Three ways humanitarians can become more data savvy

OCHA’s Centre for Humanitarian Data (‘the Centre’) has a data literacy workstream focused on increasing the capacity of humanitarians to access and use data. We aim to create easy entry points for people from different roles and backgrounds to build their data skills. Below, we explain why all humanitarians need data skills and how they can build them.

Three ways humanitarians can become more data savvy

User research with OCHA staff in New York in February 2019. Photo credit: The Centre’s Data Literacy Team

Irrespective of job title, all humanitarians need to understand how the data we have is shaped by the questions we ask. We need to deepen our understanding of the real challenges of gathering, cleaning and analysing the right data in different humanitarian contexts. And we must be able to read, interpret and interrogate analysis for insights to answer those guiding questions.

For example, humanitarian advisors need to be able to contextualise and synthesise analysis for decision makers. They often need to do simple data analysis or to present data to different stakeholders. Key to performing these tasks is a comfort level in working with spreadsheets.

Learning data skills

Data literacy includes the ability to read, work with, analyse and converse with data. Building data skills has the following benefits:

  • Empowering non-technical humanitarians to use data more effectively
  • Bridging the gap between technical staff and decision makers on data needs
  • Increasing demand for better data and more targeted data collection
  • Improving conversations around data so that no one gets lost in technical language

Data skill building takes time and humanitarians are busy people. Based on our research and good practice in learning uptake, we think there are three ways to best support humanitarians to become more data savvy:

1. Micro-learning for specific tasks

Often people need to learn how to perform a single task. This can range from trying to create a dropdown list in Excel, choosing the right chart for a presentation or adding HXL hashtags to a spreadsheet. Often, you might get blocked in the middle of a task, such as cleaning or processing. This is not the time to stop what you are doing and sign up for an online Excel course.

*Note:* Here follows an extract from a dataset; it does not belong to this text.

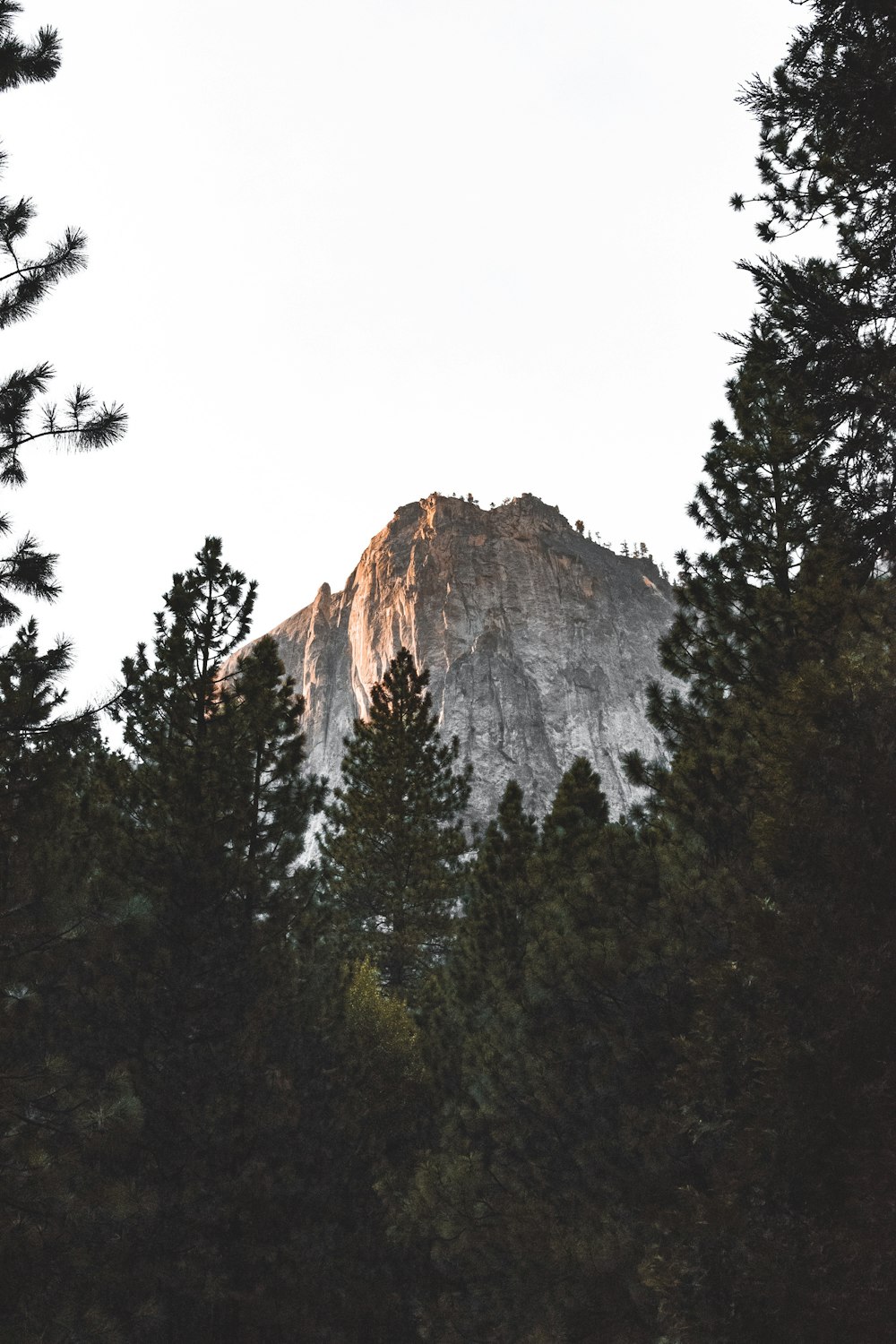 trees near mountain taken under white clouds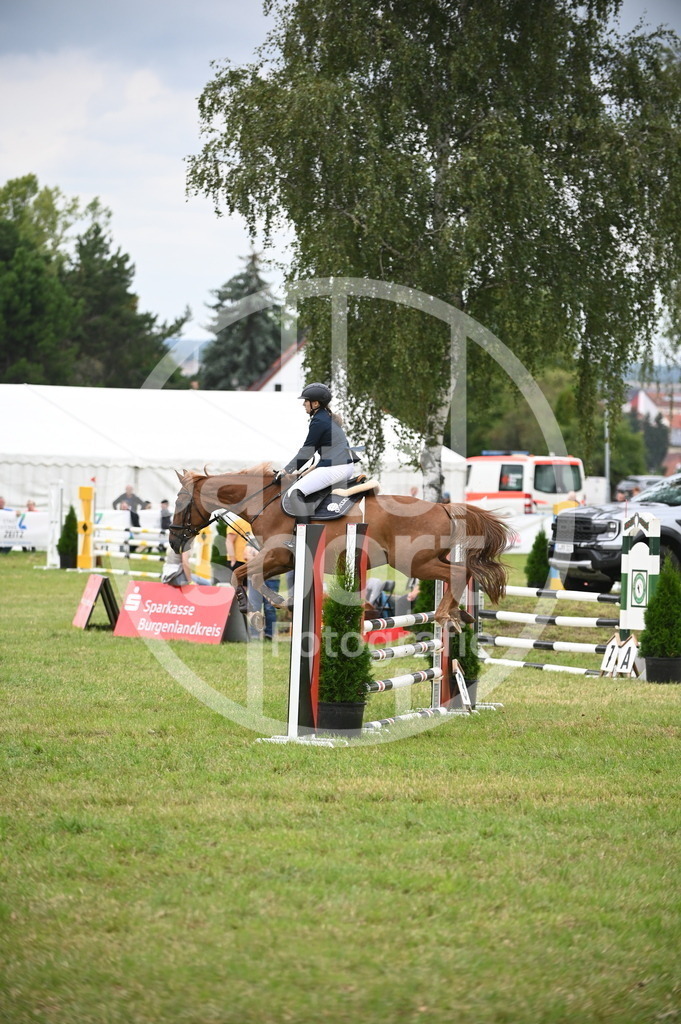 DSC_1265 | sattelsport - Realisiert mit Pictrs.com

For this audience, how to’s, quick videos and cheat sheets can be used to quickly support task completion.

2. Include on-the-job support in intensive learning programme

It is critical to create the space for humanitarians to step away from their day-to-day work to acquire new skills. However, these trainings have to be followed with rapid on-the-job application or the new skills will be forgotten. This is especially true when you are new to working with data. After you’ve made 1,000 pivot tables, it becomes second nature but with your first few, you are going to have challenges. Having trainers available after training programmes to answer questions and troubleshoot as learners develop their confidence can make all the difference.

3. Provide exposure to experts in the field

Issues around data and new technologies are in the news every day, and it is easy to get overwhelmed. Humanitarians are often left wondering how blockchain, predictive analytics, big data and drones may impact their work. One way to gain knowledge is by listening to experts who are focused on data and technology in their daily work. Experts can also help humanitarians cut through the hype and jargon to understand the practical application of new and better ways of working with data.

In addition to training working-level humanitarians, developing knowledge within the senior leadership of an organisation is essential. Not only are they crucial to the data management process, they can drive an organisation’s data culture and can use their influence to ensure smart investments in data.

Data Skills Survey: What we found

In January 2019, the Centre conducted an online survey to better understand how humanitarians are using data, what their core data skills are and what kind of support they require to improve their capacity to use data effectively. Over 1,200 people completed the survey from 111 countries with the greatest response rate from people working outside of headquarters, i.e. those working in regional or country office locations. Data-oriented staff represented a significant share of respondents, however there was strong representation across programme management staff and even senior leadership. A detailed analysis of the survey findings can be found in the survey summary report.

In the survey, over 98% of respondents reported using data all or some of the time. However, in conversations with humanitarians about data, we continue to hear the refrain, ‘I am not a data person’.

Drawing from the survey results and follow up interviews, the Centre found that there is a baseline level of technical proficiency that all

Three ways humanitarians can become more data savvy_2

humanitarians require to succeed in an environment where data is becoming an ever more critical part of our work. According to the survey results, analysing data was the most commonly reported task, while collecting primary data, and assessing and improving the quality of data were the most commonly reported challenges.

The Centre’s data literacy programme is just getting started. It will include intensive training courses, microlearning on specific data tasks, curated online resources and a speaker series on data and technology.